DATA EXTRACTS:
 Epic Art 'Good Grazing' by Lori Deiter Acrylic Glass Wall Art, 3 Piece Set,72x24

...

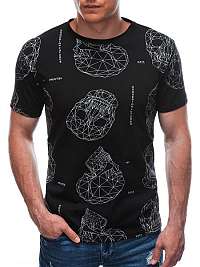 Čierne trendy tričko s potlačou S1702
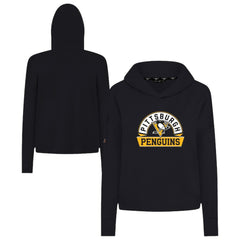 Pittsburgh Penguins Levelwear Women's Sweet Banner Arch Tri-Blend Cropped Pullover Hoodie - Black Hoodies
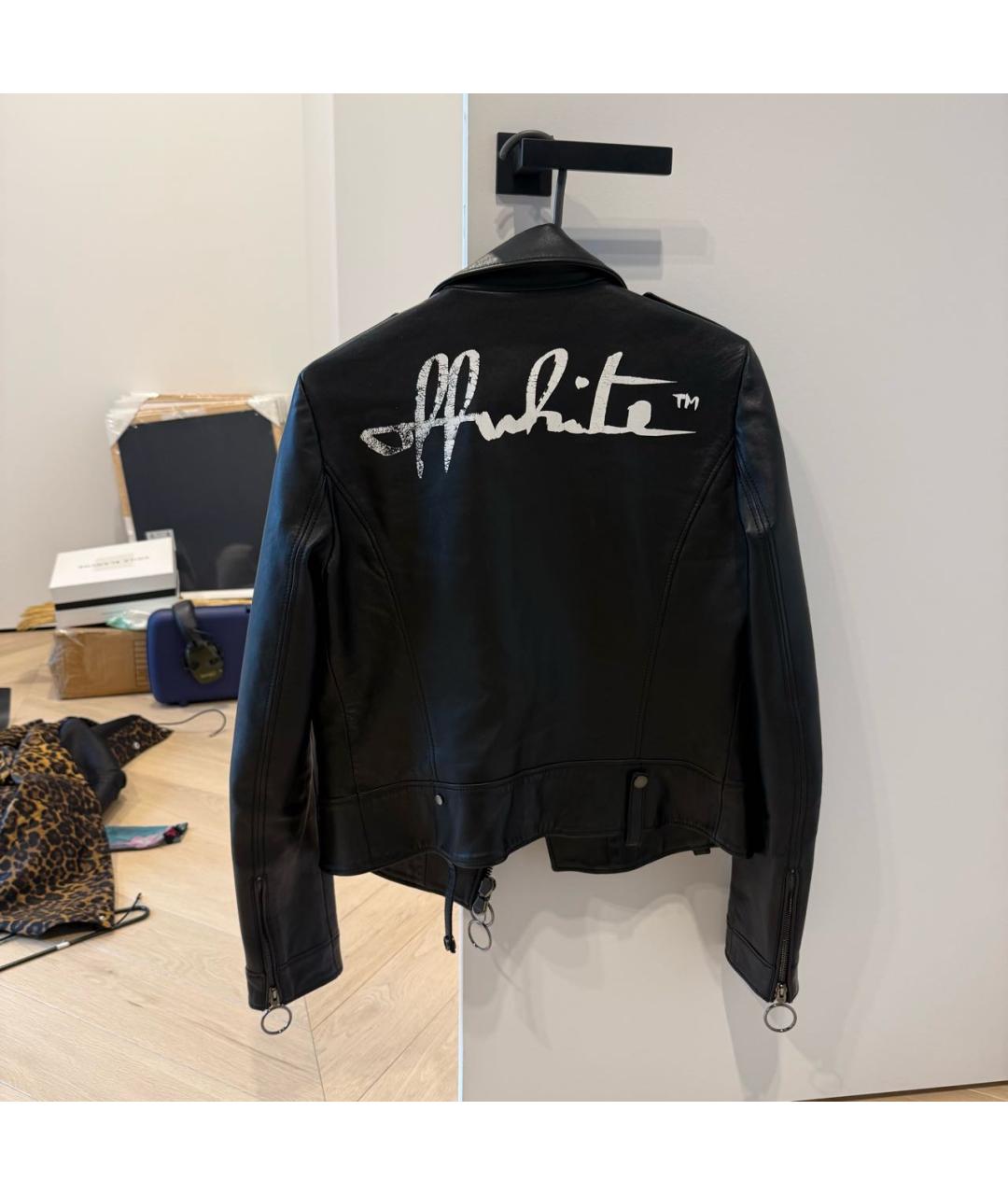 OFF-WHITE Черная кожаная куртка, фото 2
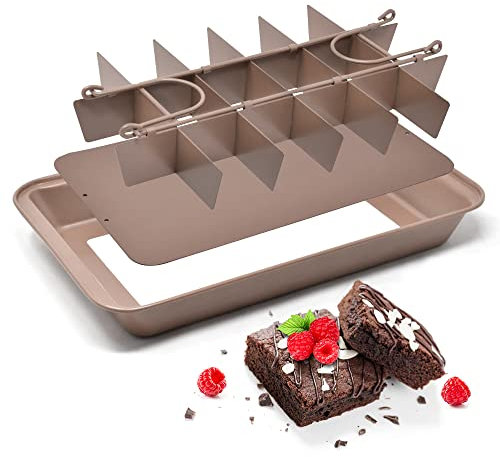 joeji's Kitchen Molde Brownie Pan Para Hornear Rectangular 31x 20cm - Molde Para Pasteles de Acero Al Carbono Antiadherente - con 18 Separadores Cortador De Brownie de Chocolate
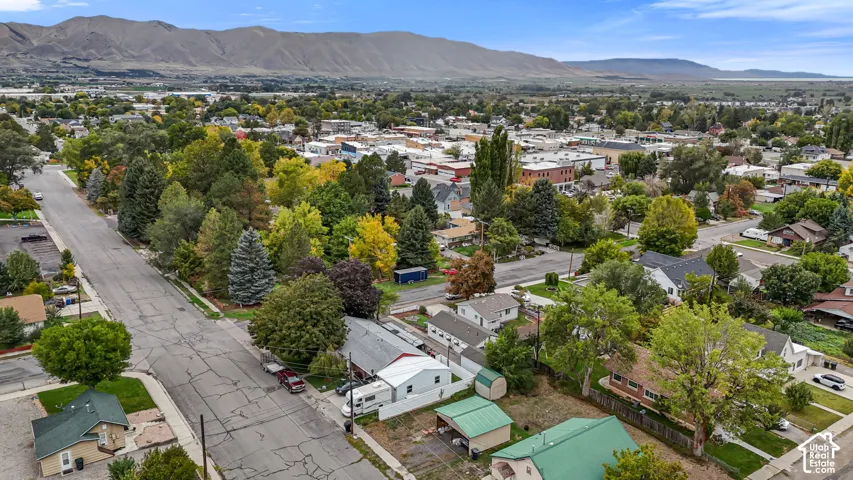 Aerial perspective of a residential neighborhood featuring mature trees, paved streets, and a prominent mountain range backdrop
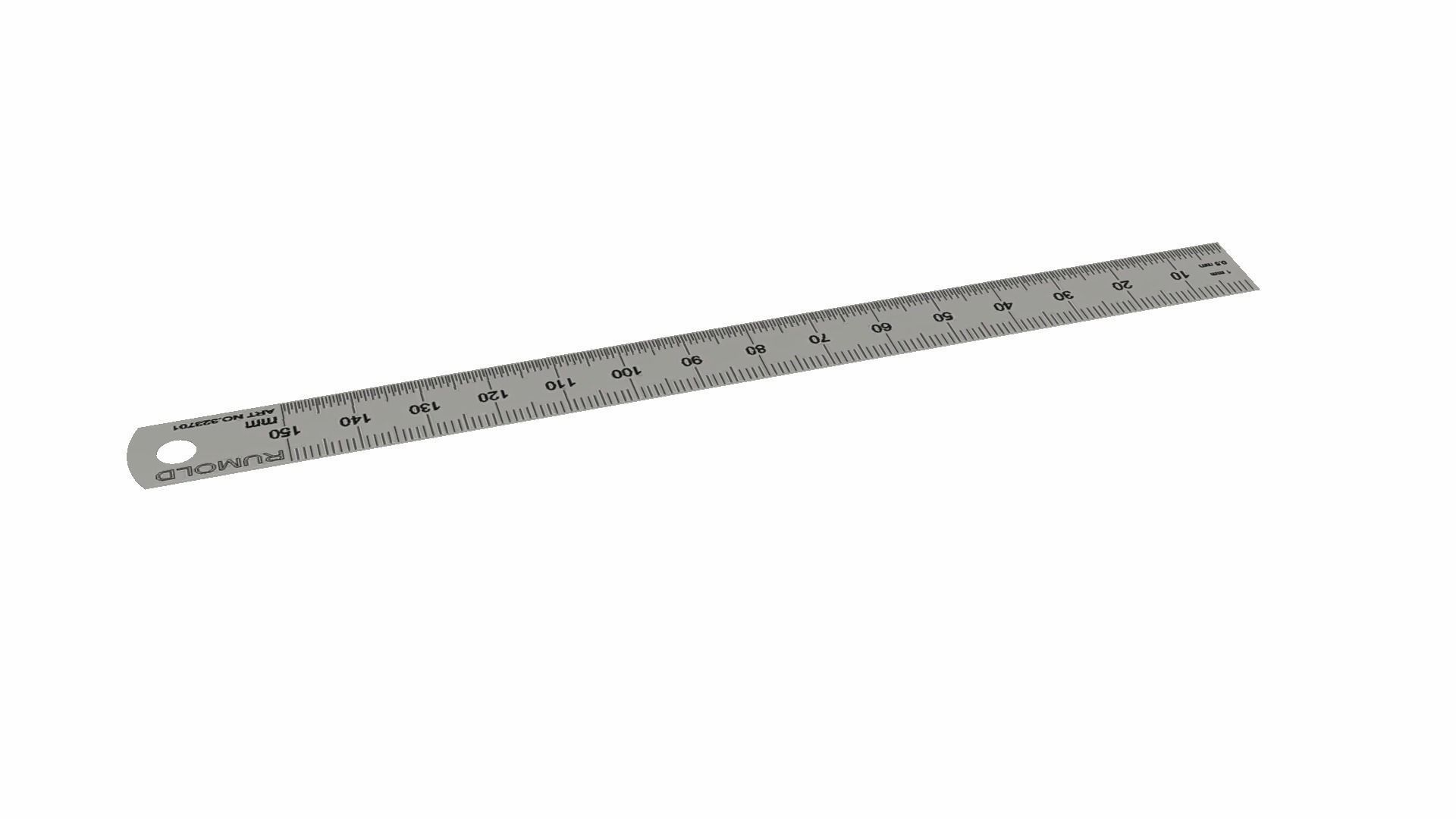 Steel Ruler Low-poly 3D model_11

ASSIGNED TASK: Copy only what runs above from the line containing "Aerial perspective of" through the line containing "Steel Ruler Low-poly 3D model_11", exactly. Leave out the pictures.

REPLY TO THE EXERCISE:
 Aerial perspective of a residential neighborhood featuring mature trees, paved streets, and a prominent mountain range backdrop
 Steel Ruler Low-poly 3D model_11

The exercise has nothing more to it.